*BRIEF*: When a record contains an image, skip the image and retype the rest of that record exactly.

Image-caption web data

^^^^

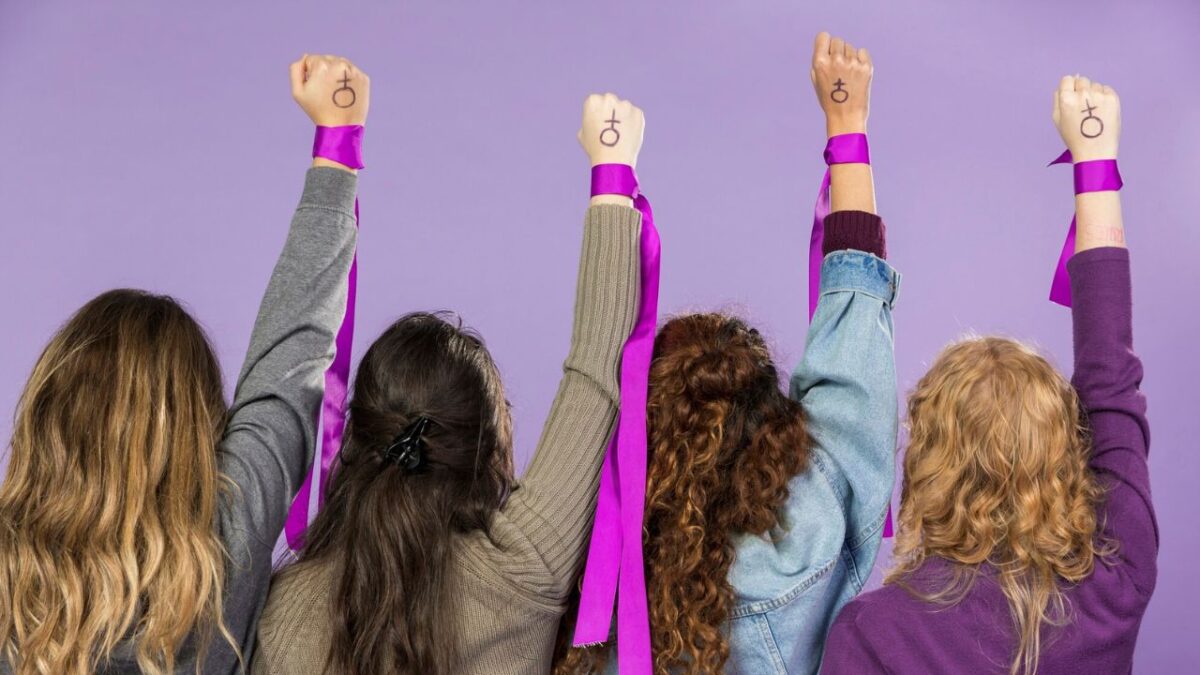Mujeres que defienden los derechos que plasma la Cartilla de los Derechos de las Mujeres
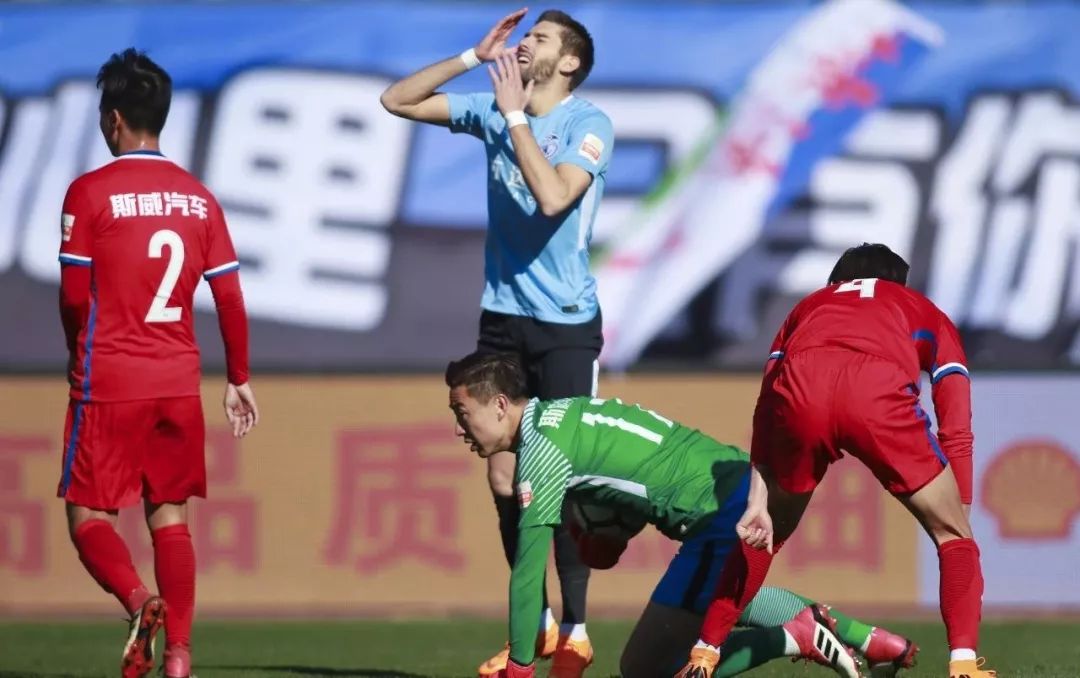 重庆斯威客场逼平建业，保级形势依然不容乐观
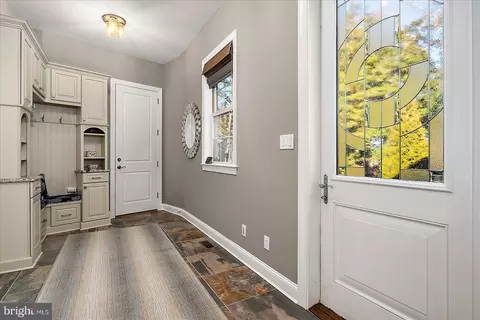 Entry Way - 9515 Harbor Lights Dr, Berlin, MD 21811 photo 23 of 28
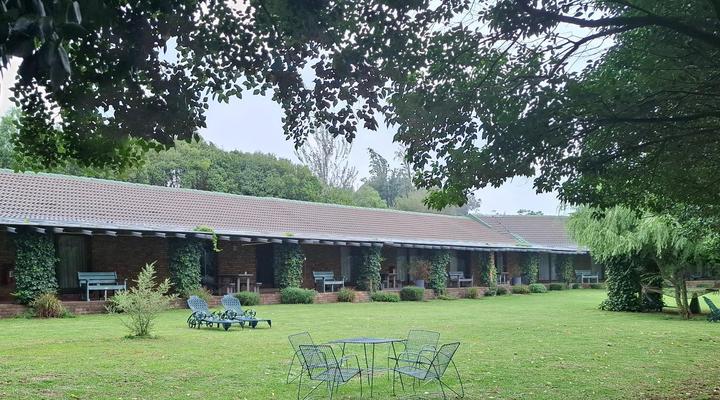 Airport Bird & Game Lodge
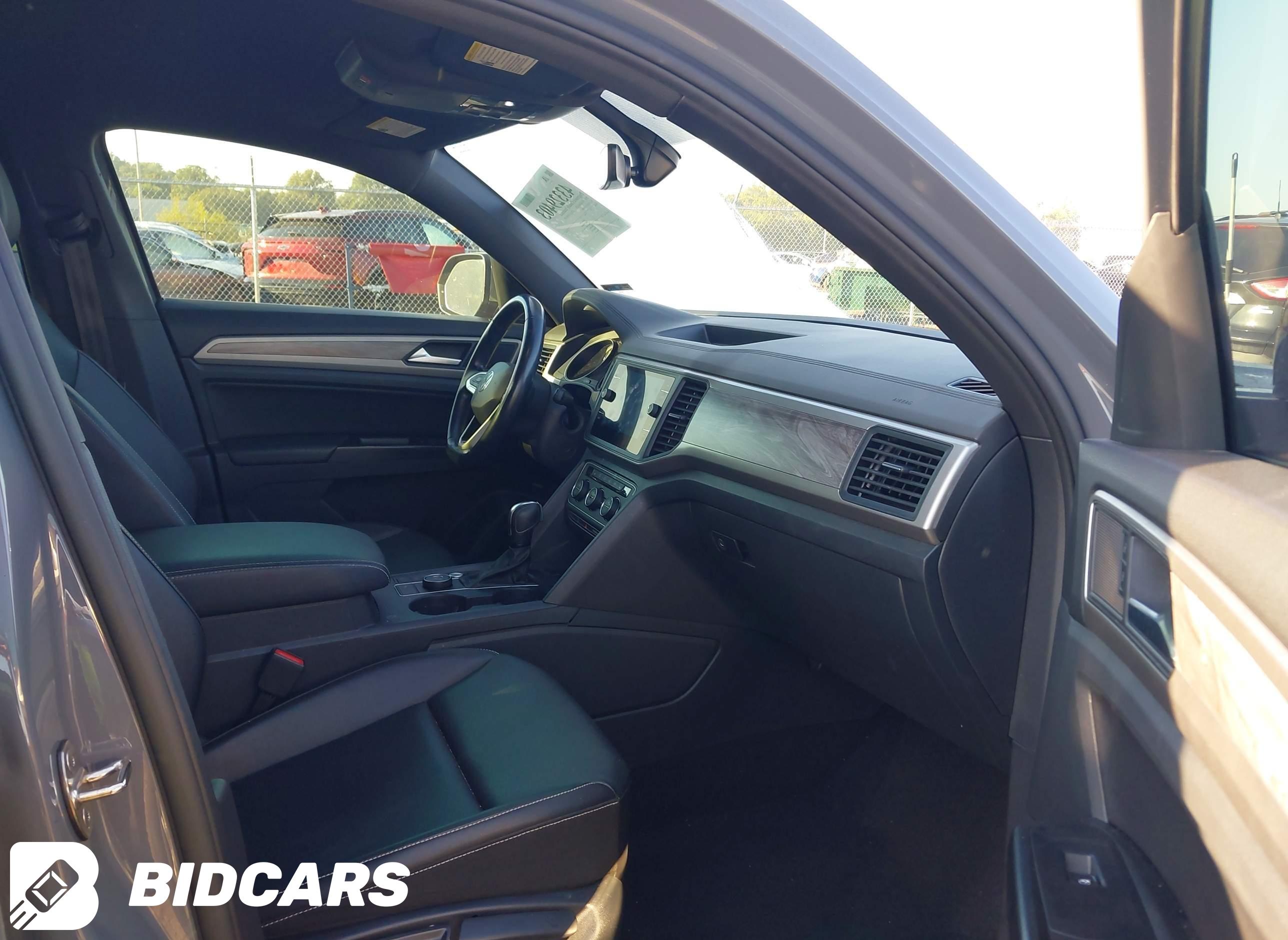 2020 Volkswagen Atlas, Cross...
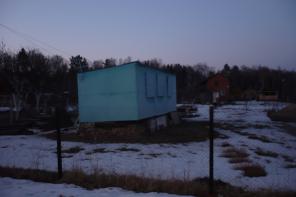 Участок с оплаченым электричеством в деревне рядом с лесом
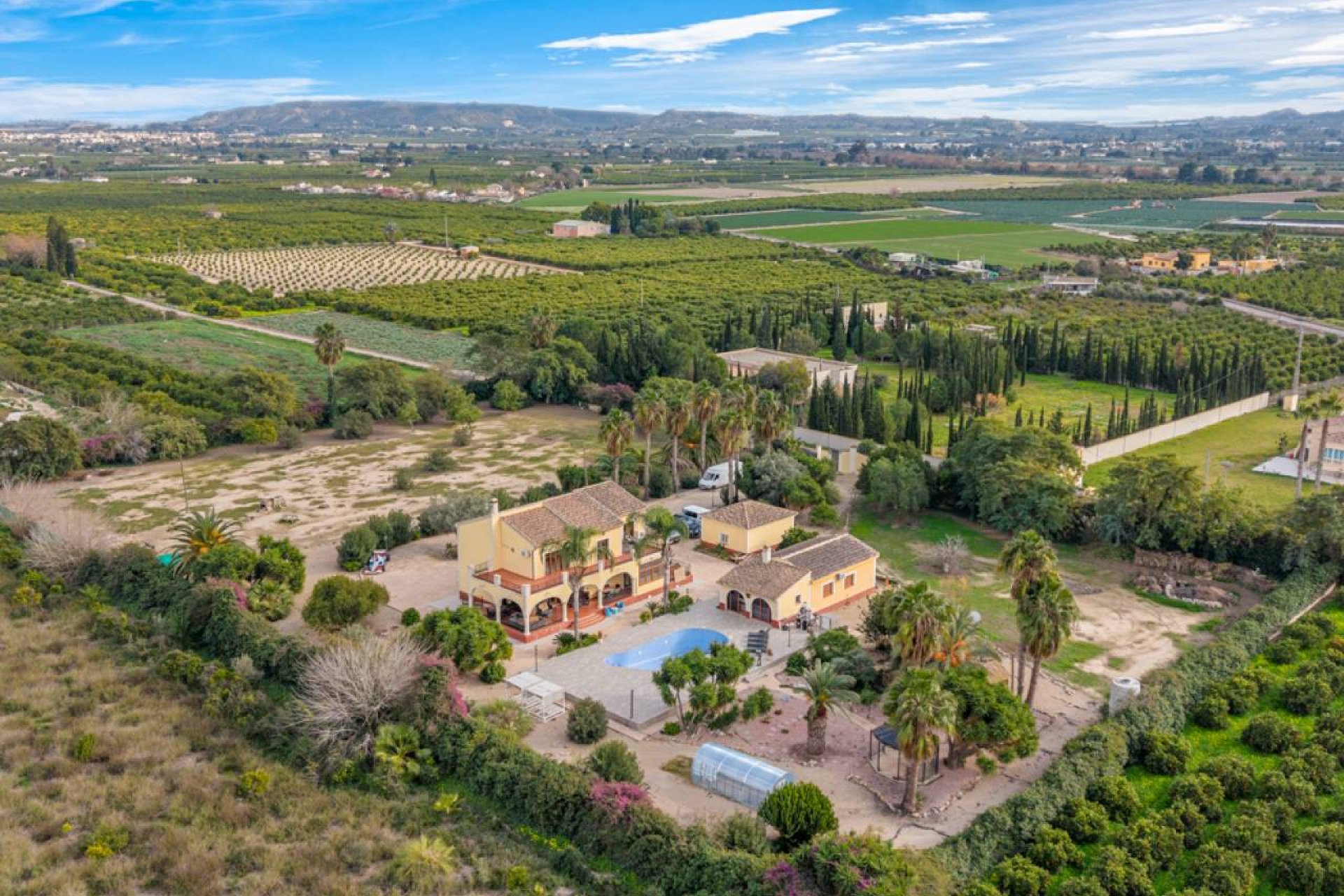 Resale - Finca -
Orihuela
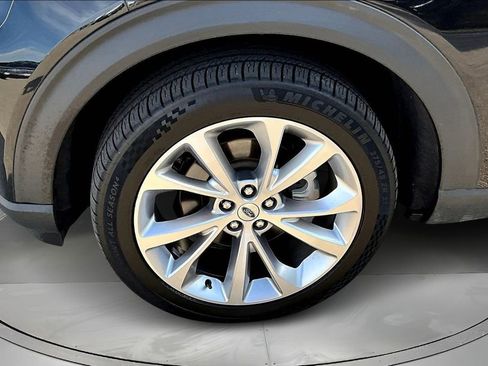 Used 2022 Ford Explorer Platinum w/ Equipment Group 601A image 30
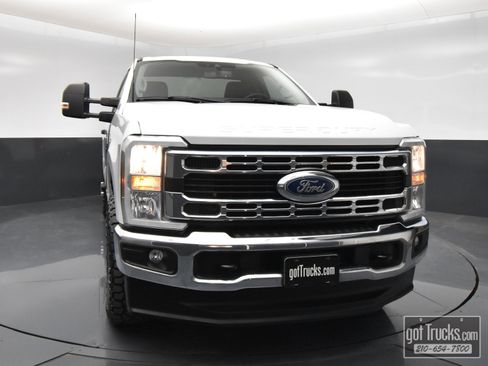 Used 2023 Ford F350 XLT w/ FX4 Off-Road Package image 47
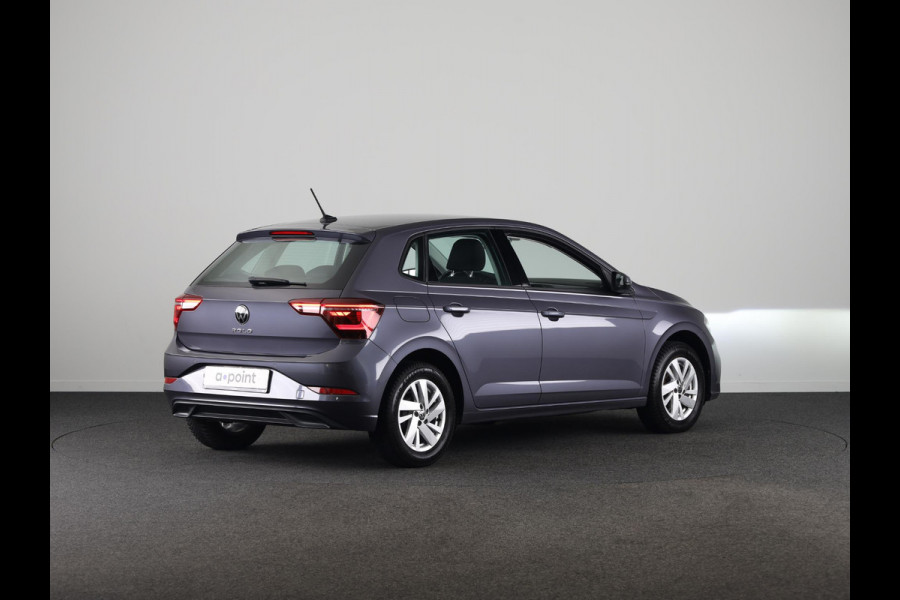 Volkswagen Polo 1.0 TSI Style 95 PK DSG Automaat |   Navigatie via app |  Parkeersensoren | Privacy glass |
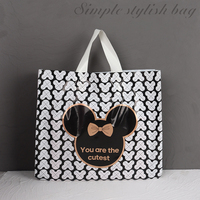 Sac de shopping à poignée de haute qualité 2026, sac en polyéthylène personnalisé, poignée souple en boucle, sac de shopping en plastique LDPE/HDPE pour l'emballage des vêtements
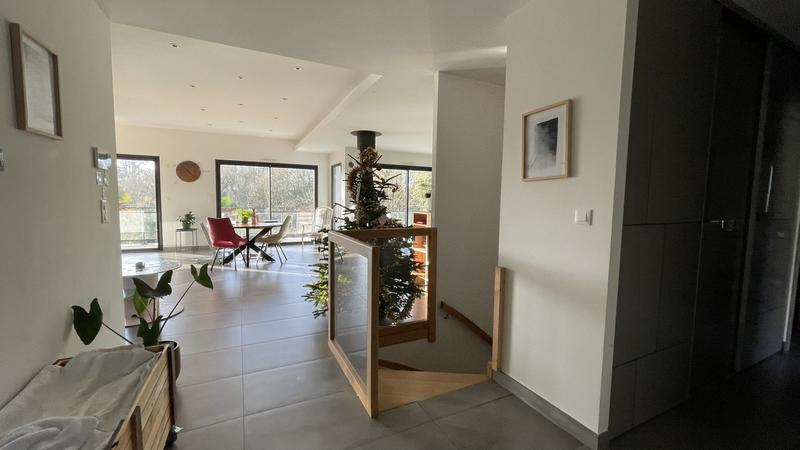 Maison contemporaine - 242 m² - 10 pièces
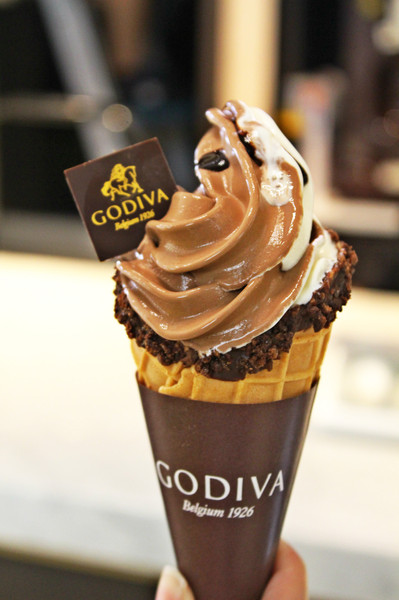 GODIVA (南紡夢時代店)：[台南]頂級巧克力冰淇淋 貴婦般的享受 GODIVA (南紡夢時代店)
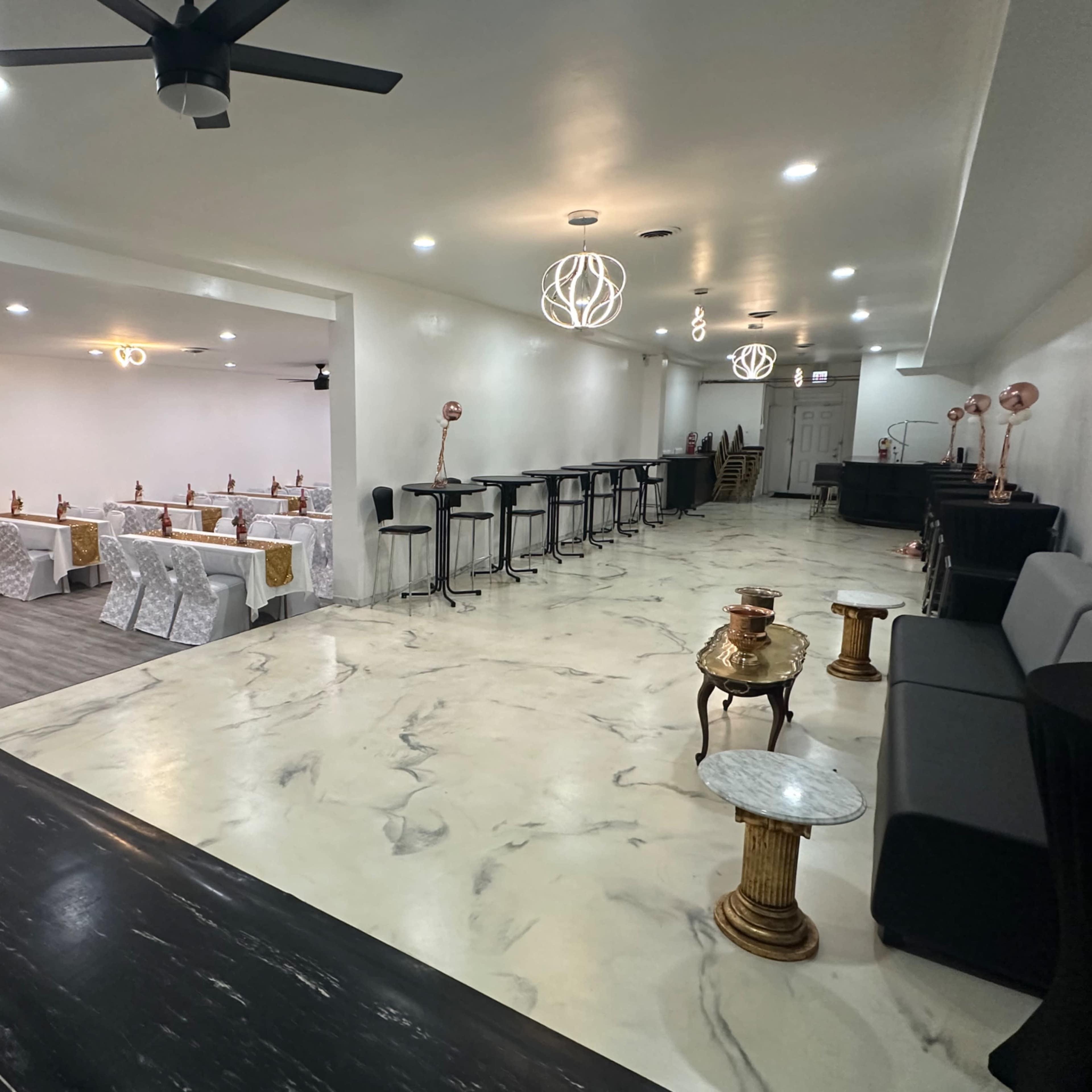 Elite Art Gallery Image in Ashburn, Chicago, IL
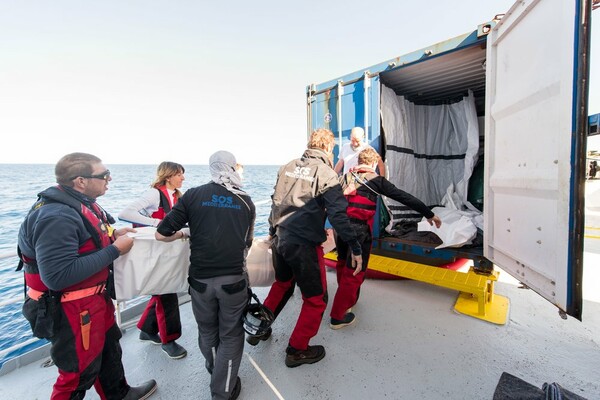 Συγκλονιστικές φωτογραφίες από το νέο ναυάγιο στη Μεσόγειο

^^^^

*SOLVED PROBLEM*:
Mujeres que defienden los derechos que plasma la Cartilla de los Derechos de las Mujeres
 重庆斯威客场逼平建业，保级形势依然不容乐观
 Entry Way - 9515 Harbor Lights Dr, Berlin, MD 21811 photo 23 of 28
 Airport Bird & Game Lodge
 2020 Volkswagen Atlas, Cross...
 Участок с оплаченым электричеством в деревне рядом с лесом
 Resale - Finca -
Orihuela
 Used 2022 Ford Explorer Platinum w/ Equipment Group 601A image 30
 Used 2023 Ford F350 XLT w/ FX4 Off-Road Package image 47
 Volkswagen Polo 1.0 TSI Style 95 PK DSG Automaat |   Navigatie via app |  Parkeersensoren | Privacy glass |
 Sac de shopping à poignée de haute qualité 2026, sac en polyéthylène personnalisé, poignée souple en boucle, sac de shopping en plastique LDPE/HDPE pour l'emballage des vêtements
 Maison contemporaine - 242 m² - 10 pièces
 GODIVA (南紡夢時代店)：[台南]頂級巧克力冰淇淋 貴婦般的享受 GODIVA (南紡夢時代店)
 Elite Art Gallery Image in Ashburn, Chicago, IL
 Συγκλονιστικές φωτογραφίες από το νέο ναυάγιο στη Μεσόγειο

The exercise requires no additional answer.